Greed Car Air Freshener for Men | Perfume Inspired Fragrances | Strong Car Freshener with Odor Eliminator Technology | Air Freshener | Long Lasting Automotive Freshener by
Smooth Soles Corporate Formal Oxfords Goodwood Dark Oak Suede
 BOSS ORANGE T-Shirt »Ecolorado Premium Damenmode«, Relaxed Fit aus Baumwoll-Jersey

□ □ □ □

The whole of the data above must be given again, unaltered and complete.

Greed Car Air Freshener for Men | Perfume Inspired Fragrances | Strong Car Freshener with Odor Eliminator Technology | Air Freshener | Long Lasting Automotive Freshener by
Smooth Soles Corporate Formal Oxfords Goodwood Dark Oak Suede
 BOSS ORANGE T-Shirt »Ecolorado Premium Damenmode«, Relaxed Fit aus Baumwoll-Jersey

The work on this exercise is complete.